WHAT THE EXERCISE ASKS.
Look through the entries below and extract exactly the lines from the one containing "Four pieces of" through the one containing "Jar of sugar", ends included.

EXTRACTED INFORMATION.
[Start of section]

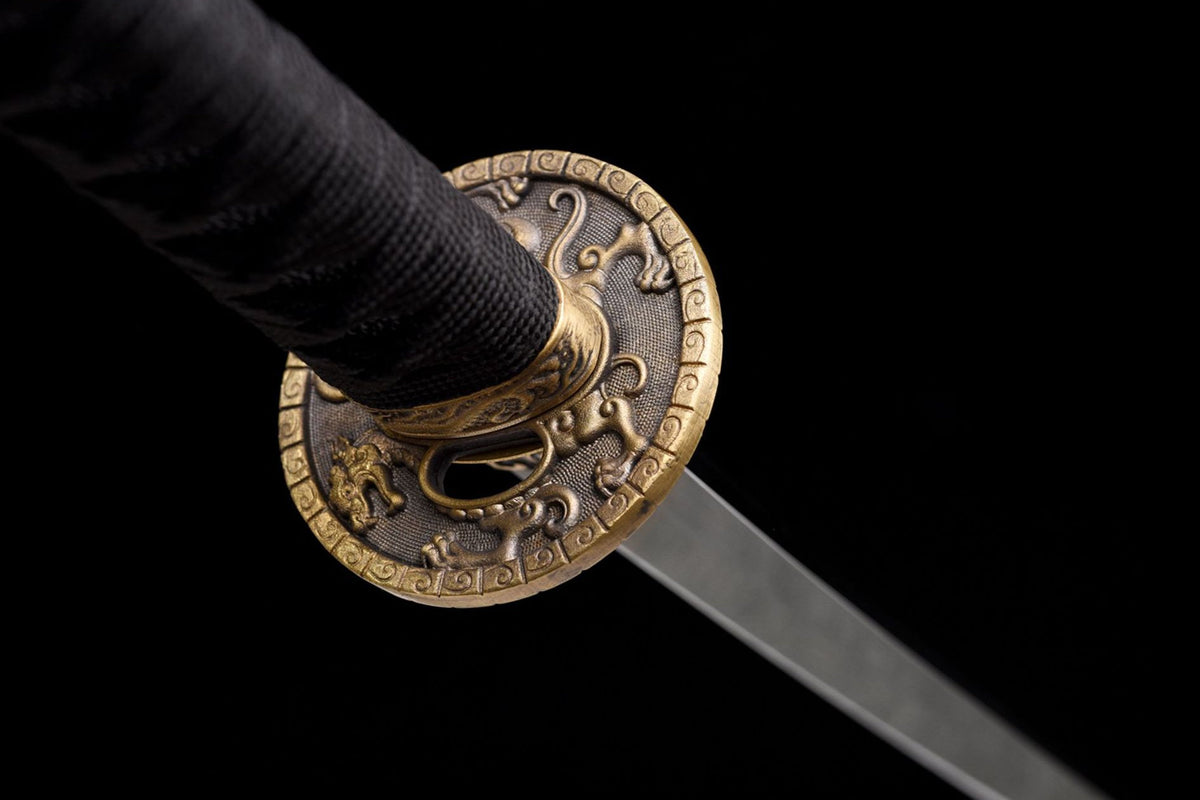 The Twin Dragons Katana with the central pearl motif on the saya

[End of section]
[Start of section]

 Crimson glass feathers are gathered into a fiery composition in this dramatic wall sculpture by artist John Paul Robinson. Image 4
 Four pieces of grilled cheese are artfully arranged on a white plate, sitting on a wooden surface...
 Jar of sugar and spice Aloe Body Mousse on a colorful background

[End of section]
[Start of section]

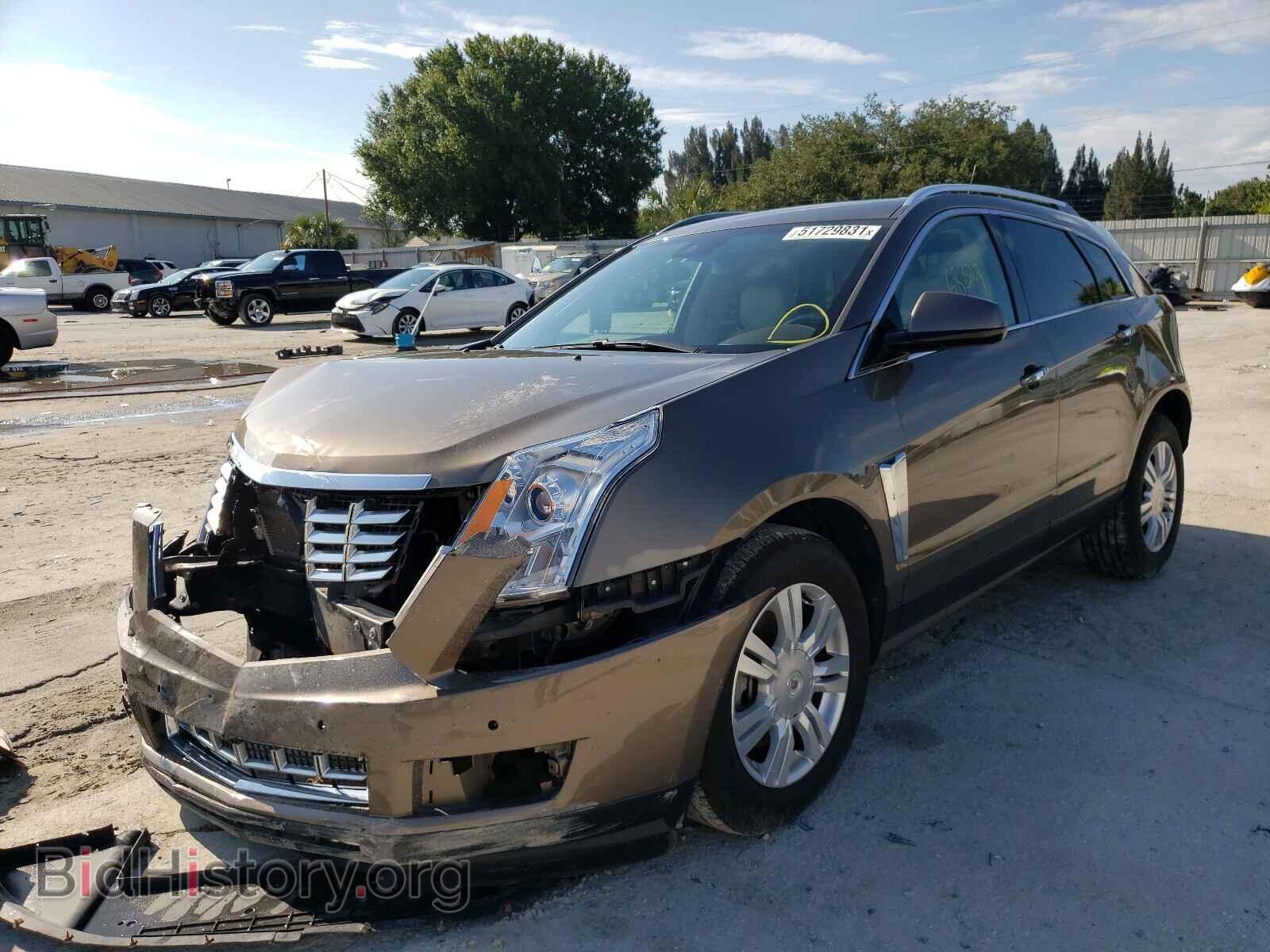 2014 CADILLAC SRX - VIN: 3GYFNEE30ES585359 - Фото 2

[End of section]

WORKED SOLUTION.
 Four pieces of grilled cheese are artfully arranged on a white plate, sitting on a wooden surface...
 Jar of sugar and spice Aloe Body Mousse on a colorful background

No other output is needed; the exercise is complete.